Nesse contexto, os países europeus estão liderando a corrida pela transição energética. Economias como Suécia, Dinamarca e Finlândia figuram no topo dessa transformação, impulsionadas por políticas ambientais ambiciosas, subsídios a investimentos "verdes" e uma crescente “pressão cidadã”. A China, por sua vez, que investe maciçamente em energias limpas e se tornou a maior produtora mundial de painéis solares e carros elétricos, é outra potência sempre presente nessa discussão, contribuindo de forma relevante para a mudança. Enquanto  isso, na América do Sul, os desempenhos individuais têm sido variados. Apesar de ter registrado o crescimento mais lento na transição energética na última década (WEF, 2024)[2], a região tem um enorme potencial renovável, com abundância de água, luz solar, vento e biomassa, além de economias cujas matrizes de geração elétrica vêm se adaptando gradualmente às fontes renováveis. Como exemplo, o Brasil, historicamente dependente da geração hidrelétrica, conseguiu nos últimos anos diversificar sua matriz, incorporando outras fontes, como a eólica e a solar. Uruguai, Chile e Peru, que estão um pouco mais adiantados nesse processo, já contam com fontes renováveis representando mais da metade de suas ofertas de geração. Na Colômbia, grande produtora de petróleo, a segurança energética tem melhorado nos últimos anos graças ao impulso dado às fontes renováveis, especialmente a hidroeletricidade e a bioenergia. Outras economias da região, como Argentina, Equador e Venezuela, também estão avançando nesse caminho, ainda que com nuances distintas. A Argentina tem sido reconhecida regional e globalmente pelo notável crescimento das renováveis em sua matriz, que atingiram 15% da geração total em 2024; Equador e Venezuela enfrentam desafios nesse sentido, resultando em uma diversificação mais lenta das fontes renováveis, exceto a hidrelétrica.

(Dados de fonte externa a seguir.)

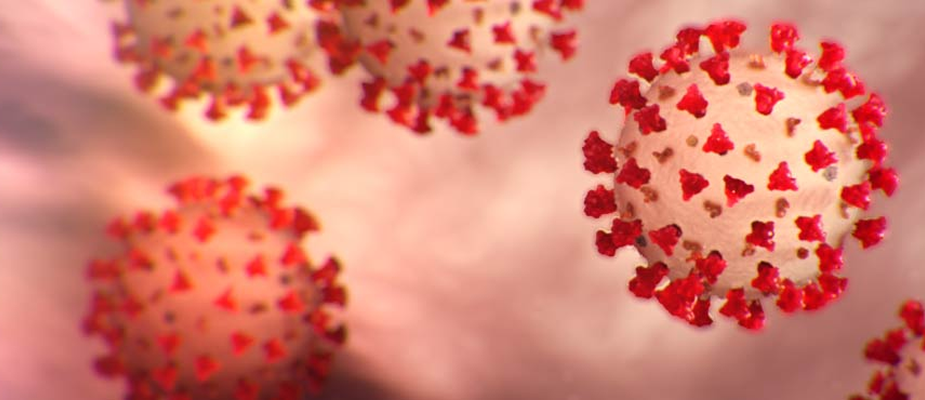 coronavirus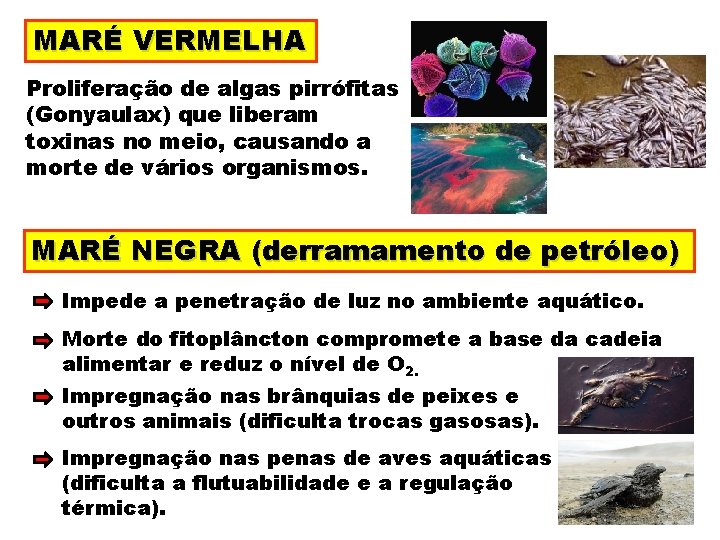 MARÉ VERMELHA Proliferação de algas pirrófitas (Gonyaulax) que liberam toxinas no meio, causando a
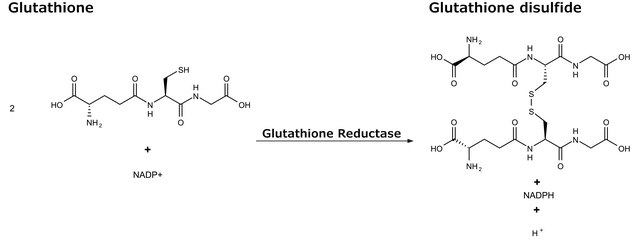 谷胱甘肽还原酶 人 buffered aqueous solution, &#8805;10&#160;units/mg protein, recombinant, expressed in E. coli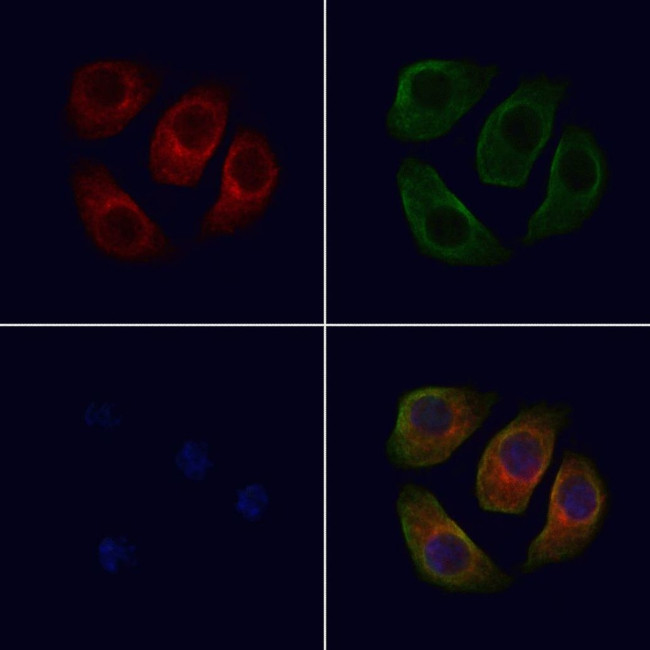 ARMX1 Antibody in Immunocytochemistry (ICC/IF)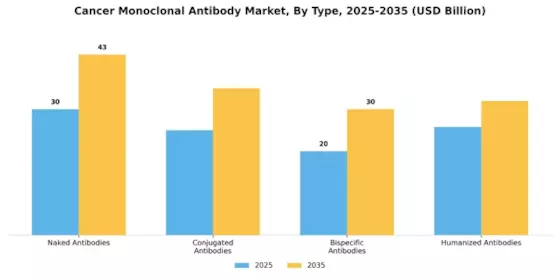 Cancer Monoclonal Antibody Market Segment Image 3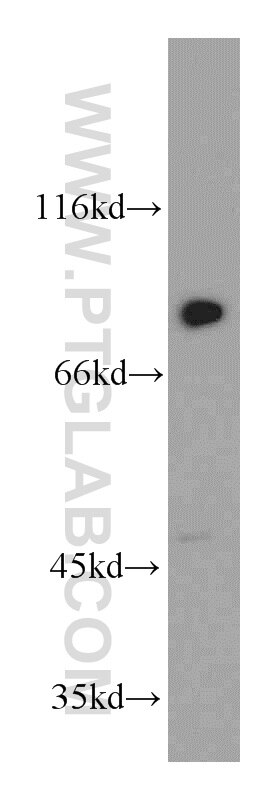 Western Blot (WB) analysis of L02 cells using C7orf58 Polyclonal antibody (20924-1-AP)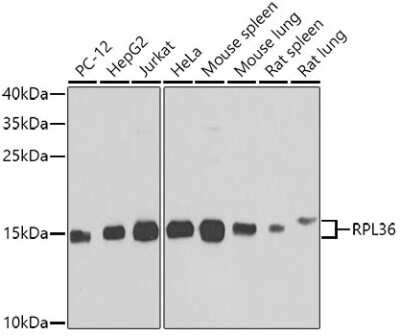 Western Blot: RPL36 AntibodyBSA Free [NBP2-94161]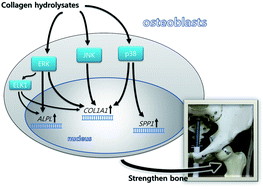 Graphical abstract: Collagen hydrolysates increased osteogenic gene expressions via a MAPK signaling pathway in MG-63 human osteoblasts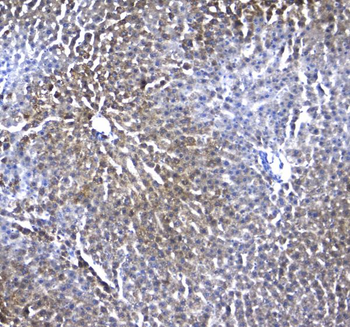 Regucalcin/RGN Rabbit Polyclonal Antibody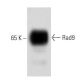 Rad9 Antibody (56) - Western Blotting - Image 60428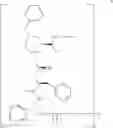Fig. 43 - Indinavir derivatives useful in immunoassay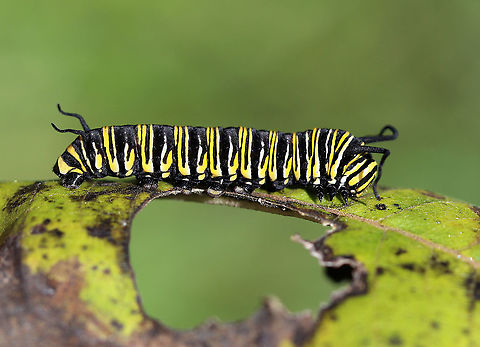 Monarch Caterpillar (Danaus plexippus) Infected with Black Death (Nuclear Polyhedrosis Virus) This caterpillar looked almost as bad as the milkweed leaf.  It is infected with NPV (Nuclear Polyhedrosis Virus) and will soon die. I can tell that it's infected because the dark bands are wider than usual. Also, the antennae are shriveled and the caterpillar was mostly unresponsive and lethargic.

This virus enters the nucleus of infected cells and reproduces until the cell begins to produce crystals in the fluids of its host. The host becomes swollen with virus-containing fluid, turns black, and dies.

Habitat: Milkweed in a meadow Danaus plexippus,Geotagged,Monarch butterfly,NPV,Nuclear Polyhedrosis Virus,Summer,United States,black death,caterpillar
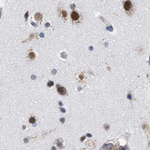 GM130 Antibody in Immunohistochemistry (Paraffin) (IHC (P))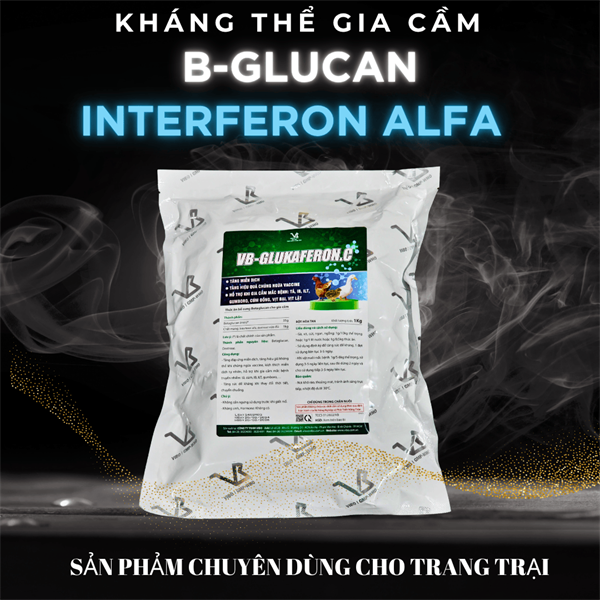 VB GLUKAFERON.C 1kg - kháng thể Virus Interferon >70% - Dành cho Gia Cầm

Em termos gerais, independentemente da abordagem adotada por cada país para enfrentar as mudanças climáticas e promover a transição energética, os líderes desse processo compartilham características que podem ser consideradas “boas práticas”, como: i) maior segurança energética (por meio da diversificação das fontes de energia, da eletricidade e dos fornecedores); ii) maior participação de fontes limpas na matriz energética; iii) adoção de mecanismos de precificação do carbono; e iv) construção de marcos regulatórios sólidos e propícios à transição.

Apesar das conquistas mencionadas, tanto regional quanto globalmente, especialistas em sustentabilidade e mudanças climáticas alertam que o ritmo atual da transição energética não é suficiente para cumprir os compromissos do Acordo de Paris, ou seja, limitar o aquecimento global a menos de 2°C (idealmente 1,5°C) em relação aos níveis pré-industriais e alcançar a neutralidade climática até 2050. A principal razão para esse descompasso é que as emissões de gases poluentes continuam elevadas e muitos países ainda enfrentam grandes dificuldades para abandonar o uso de carvão, petróleo e gás natural. Além disso, a América do Sul enfrenta obstáculos adicionais para consolidar sua transição, como a falta de infraestrutura, a escassez de financiamento e, em alguns países, a alta dependência de combustíveis fósseis e/ou a falta de marcos regulatórios que promovam a transição. Soma-se a isso uma notável carência de políticas, incentivos e planejamento de longo prazo.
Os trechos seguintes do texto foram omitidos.